Important rules to set when subleasing

sleeping on couch

Having the option to sublet your apartment is wonderful. It gives you the freedom to travel for several months, take a temporary job in another city, or even make a little extra income if you sublet at a markup. Of course, your sub-lessee is an extension of you, and anything he does will be a reflection on what sort of tenant you are. So it’s important not only to choose your sub-lessee carefully but also to make sure he is clear on certain rules. Remember that if your landlord takes issue with your sub-lessee, it could be you who loses your residence. Here are important rules to set with a sub-lessee.

There is a limit on guests

Make sure your sub-lessee understands what the limit is on guests. It’s okay to put a limit in his contract that is typically smaller than most renter’s limits in the building. You want the least (and possibly none) amount of damage done to this apartment when the sub-lessee is there, and limiting guests is a good way to ensure that.

No overnight guests

You’ve vetted the person on this contract to sleep in the apartment and nobody else. You can ask potential sub-lessees, in their interview, if they anticipate having anyone sleep over like a significant other or family member. If you’re comfortable with it, you can clear these few people, but don’t allow for regular, unexpected overnight guests.

No posting photos online of the place

Ask that your sub-lessee not post photos of your home on the Internet. You probably do not want total strangers being familiar with the layout of your home—like what kind of balcony window you have and where in your house you hang precious artwork.

They cannot make copies of the keys

It’s imperative that you ask your sub-lessee not to make copies of the keys. He is the only person you are approving to have a copy of the key.

Report issues right away

Require your sub-lessee to report any issues with the unit the moment they arise. It’s common for sub-lessees to let a leak or electrical issue go untreated because they feel it isn’t their problem since they’ll be leaving soon. But the longer these problems go unattended to, the harder they can be to fix.

Who is paying what bill?

Make sure you are very clear on how utility bills will be handled. Are you leaving them in your name, and the sub-lessee is to pay you directly for those? Are you switching them over to the sub-lessee’s name for the time being? If you don’t clarify this, either you or the sub-lessee could face collection calls because of unpaid bills.

Talk about smoking regulations

Is smoking allowed in the unit? If not in it, then what about on the balcony? If not at all, how far from the building must they stand if they want to smoke?

And noise ordinances

If your building has noise ordinances such as “No guests on balconies or in outside shared areas after 10pm,” make sure your sub-lessee is aware of these.
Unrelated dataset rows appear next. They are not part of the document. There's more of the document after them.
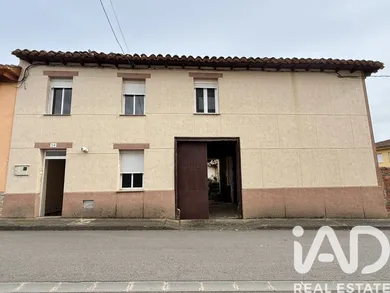 Village house in Cimanes del Tejar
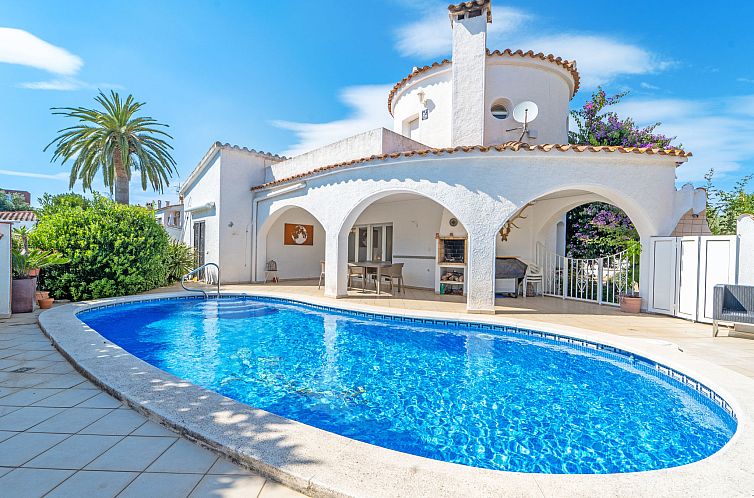Vakantiehuis WELCS CASA 168 EMP con piscina privada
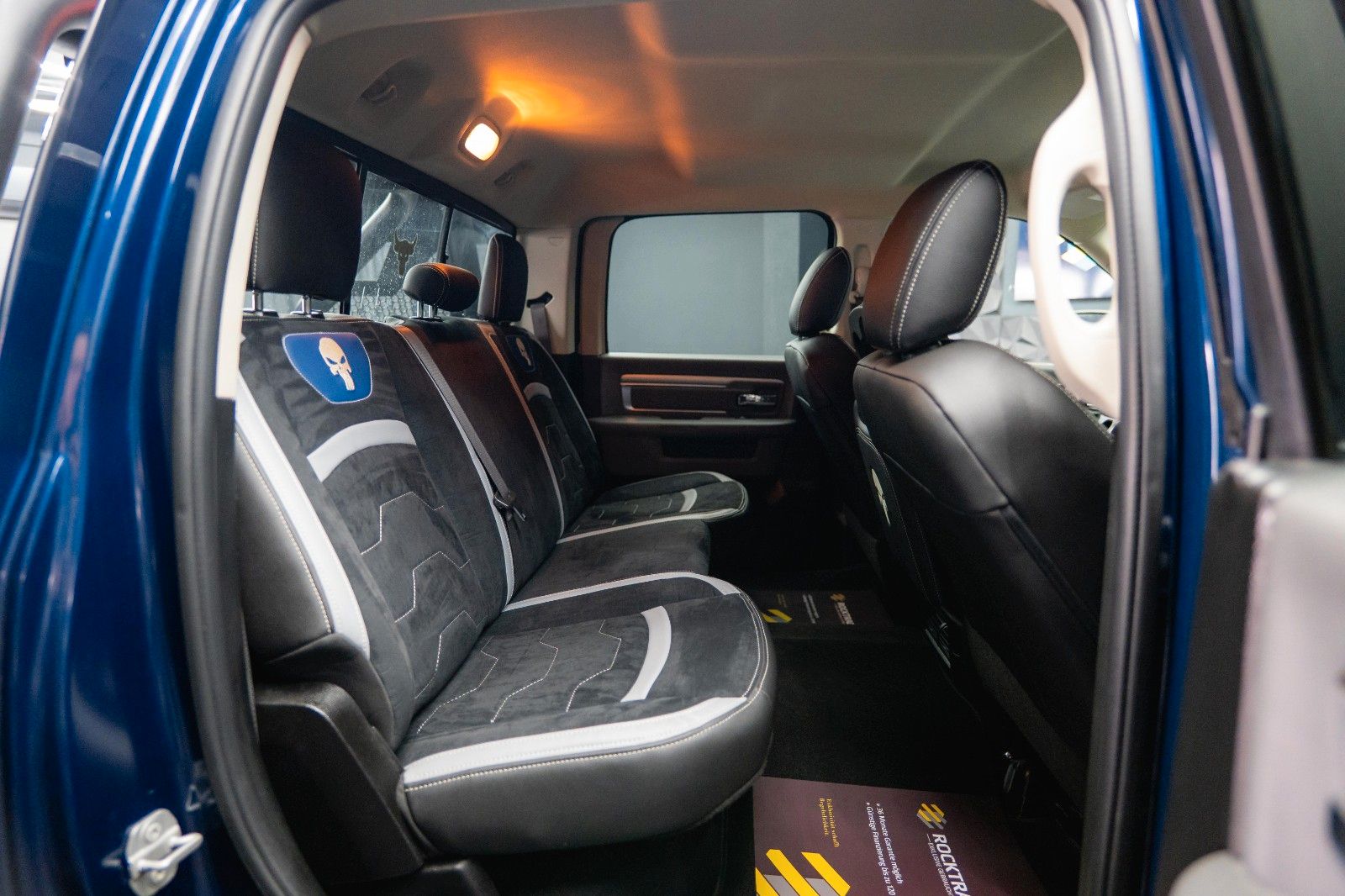 Fahrzeugabbildung Dodge RAM 5.7 V8 HEMI 4x4 OFFROAD Night Edition *19%*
No letting un-cleared services in the house

Your sub-lessee should not let any professional services in the house that you or the landlord did not tell him were coming. If anyone shows up at the door claiming to work for the Internet company or a plumbing company, but neither you nor your landlord notified the sub-lessee of this visit, it could be a burglar.

Collect the mail in a timely manner

Ideally, you should have your mail held at the post office while you’re away or forwarded to your new, temporary address. But that doesn’t mean that some companies and individuals won’t still send mail your way. It’s important that your sub-lessee checks and clears the mailbox. An over-stuffed mailbox can suggest to onlookers that your home is vacant.

Rent must be paid on time

Finally, it’s very important your sub-lessee pay rent on time. If he pays rent to you, and then you pay your landlord, your sub-lessee should turn rent into you at least five days before you pay your landlord, to allow time for the multiple transactions. If your sub-lessee is paying your landlord directly, remember that if he is late, any late fees may fall on you.

Subletting your place is a great option if you need flexibility in your life, but it’s important that you choose a resident who is responsible and courteous.